Faculty members can request the creation of group storage directories, which allow files to be shared among multiple users. Group directories can be created on any of the storage location, with each group directory having its own disk quota. Details here.

Quota

To check your dist quota, type:

scrp-quota

What if I Need More Space? Additional quota can be granted on a case by case basis. Please contact support.

Backup

Backups are mounted under /backup on each node:

  • Hourly backups: /backup/hourly.[0-22]/users/[username]
  • Daily backups: /backup/daily.[0-5]/users/[username]
  • Weekly backups: /backup/weekly.[0-6]/users/[username]
  • Monthly backups: /backup/monthly.[0-3]/users/[username]

Configuration Details

~/ is your home directory, which you can also access by specifying the full path /home/users/username or the environment variable $HOME. It is exported from scrp-control-2 using Network File System (NFS), supported by two SSDs in RAID 1 configuration with a total usable capacity of 2.5TB.

  • Full Path: /home/users/username
  • Aliases: ~/, $HOME
  • Speed: 1100MB/s read and 850MB/s write.
  • Quota: 2/20/50GB for undergraduates/postgraduates/faculty respectively.
  • Purging Policy: Files are deleted when user is no longer affiliated with CUHK.

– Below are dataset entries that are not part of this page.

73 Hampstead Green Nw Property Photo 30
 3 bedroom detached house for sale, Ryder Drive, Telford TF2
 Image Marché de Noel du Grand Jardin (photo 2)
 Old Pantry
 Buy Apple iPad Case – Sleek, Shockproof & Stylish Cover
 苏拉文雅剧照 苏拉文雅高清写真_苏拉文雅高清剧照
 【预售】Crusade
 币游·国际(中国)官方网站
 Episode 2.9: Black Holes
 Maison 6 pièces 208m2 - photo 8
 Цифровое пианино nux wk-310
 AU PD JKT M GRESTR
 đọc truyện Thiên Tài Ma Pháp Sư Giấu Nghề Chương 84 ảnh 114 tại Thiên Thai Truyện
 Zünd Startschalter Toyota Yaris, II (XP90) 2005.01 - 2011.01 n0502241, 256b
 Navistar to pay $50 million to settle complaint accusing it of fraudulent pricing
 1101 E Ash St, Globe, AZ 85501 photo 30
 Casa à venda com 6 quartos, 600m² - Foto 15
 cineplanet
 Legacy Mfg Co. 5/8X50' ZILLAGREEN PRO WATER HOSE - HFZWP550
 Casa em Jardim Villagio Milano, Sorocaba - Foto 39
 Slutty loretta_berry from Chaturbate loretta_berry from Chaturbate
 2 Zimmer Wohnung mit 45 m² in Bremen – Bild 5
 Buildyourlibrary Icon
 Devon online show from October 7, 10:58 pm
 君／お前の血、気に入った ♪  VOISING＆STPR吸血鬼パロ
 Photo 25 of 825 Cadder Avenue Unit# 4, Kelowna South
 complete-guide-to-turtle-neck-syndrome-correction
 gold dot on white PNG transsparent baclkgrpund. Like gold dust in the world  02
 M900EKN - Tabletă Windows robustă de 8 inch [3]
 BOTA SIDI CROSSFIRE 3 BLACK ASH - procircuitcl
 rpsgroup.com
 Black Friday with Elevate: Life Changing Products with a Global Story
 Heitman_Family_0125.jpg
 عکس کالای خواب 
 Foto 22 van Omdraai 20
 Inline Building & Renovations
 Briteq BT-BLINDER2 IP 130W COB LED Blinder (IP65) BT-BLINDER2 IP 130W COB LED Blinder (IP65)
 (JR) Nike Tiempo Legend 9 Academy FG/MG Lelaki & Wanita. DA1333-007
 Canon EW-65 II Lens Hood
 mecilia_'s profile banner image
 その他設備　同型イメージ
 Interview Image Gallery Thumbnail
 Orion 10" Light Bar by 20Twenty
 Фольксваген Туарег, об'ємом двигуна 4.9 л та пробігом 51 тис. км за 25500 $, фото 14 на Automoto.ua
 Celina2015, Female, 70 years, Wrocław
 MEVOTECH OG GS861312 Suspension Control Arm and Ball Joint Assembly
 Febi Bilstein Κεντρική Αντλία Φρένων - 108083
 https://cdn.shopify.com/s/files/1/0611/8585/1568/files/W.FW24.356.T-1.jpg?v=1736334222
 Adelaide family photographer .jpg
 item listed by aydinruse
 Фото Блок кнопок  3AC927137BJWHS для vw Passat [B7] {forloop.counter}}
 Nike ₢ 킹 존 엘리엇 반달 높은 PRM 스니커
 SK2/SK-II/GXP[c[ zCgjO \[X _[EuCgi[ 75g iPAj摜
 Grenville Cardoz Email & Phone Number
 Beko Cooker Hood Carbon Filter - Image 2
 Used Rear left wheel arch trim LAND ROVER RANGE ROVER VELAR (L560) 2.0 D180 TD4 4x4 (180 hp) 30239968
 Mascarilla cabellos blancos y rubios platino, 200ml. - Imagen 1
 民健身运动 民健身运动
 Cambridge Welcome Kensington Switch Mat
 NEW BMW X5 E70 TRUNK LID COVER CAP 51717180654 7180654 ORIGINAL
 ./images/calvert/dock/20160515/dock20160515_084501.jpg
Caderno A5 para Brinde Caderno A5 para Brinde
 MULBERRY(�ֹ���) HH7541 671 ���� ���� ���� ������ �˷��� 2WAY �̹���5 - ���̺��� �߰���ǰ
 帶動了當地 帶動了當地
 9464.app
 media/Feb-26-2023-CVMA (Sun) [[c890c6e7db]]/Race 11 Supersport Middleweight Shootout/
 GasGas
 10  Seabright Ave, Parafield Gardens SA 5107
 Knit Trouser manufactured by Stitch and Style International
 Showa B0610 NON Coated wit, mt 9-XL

~/large-data is a storage space backed by a flash-based parallel file system (BeeGFS on 12 Intel P4510 8TB SSDs, paired with six Infiniband FDR connections). Each file in the directory is splitted and distributed across multiple servers, allowing for very high read and write speeds. Even though it appears under your home directory, it is only a soft link to the parallel storage’s real location /data/users/username, which means the folder is not included in the daily backup. The total usable capacity 44TB.

  • Full Path: /data/users/username
  • Aliases: ~/large-data, $LARGE_DATA
  • Speed: Up to 6GB/s read and 3GB/s write per node. Maximum aggregate throughout is 24GB/s.
  • Quota: 20/500/1000GB for taught postgrauduates/research postgraduates/faculty respectively
  • Purging Policy: Files owned by either UG or TPG students are automatically deleted at the end of each term.

~/archive is a large storage space suitable for storing a second copy of your data. Even though it appears under your home directory, it is only a soft link to the archive’s real location /archive/users/username, which means the folder is not included in the daily backup. It is exported from scrp-login using NFS, supported by a 12-disk RAID 6 HDD array with a total usable capacity of 91TB.

  • Full Path: /archive/users/username
  • Aliases: ~/archive, $ARCHIVE
  • Speed: 500-700MB/s read and 200-300MB/s write.
  • Quota: 20/1000/5000GB for taught postgrauduates/research postgraduates/faculty respectively.
  • Purging Policy: Files are deleted when user is no longer affiliated with CUHK.

/tmp is a shared storage space intended for temporary files generated during a job. The directory is not shared across nodes, meaning that files you generate in one node is not accessible from another node.

  • Full Path: /tmp
  • Aliases: $TMP
  • Speed: 2300MB/s read and 1200MB/s write on compute nodes. 500MB/s read and 200MB/s write on login nodes.
  • Quota:
    • scrp-login-[1-2] 300GB shared.
    • scrp-node-[1-3]: 1.9TB shared.
    • scrp-node-[4-5]: 800GB shared.
    • scrp-node-[7]: 3.7TB shared.
  • Purging Policy: Bi-monthly.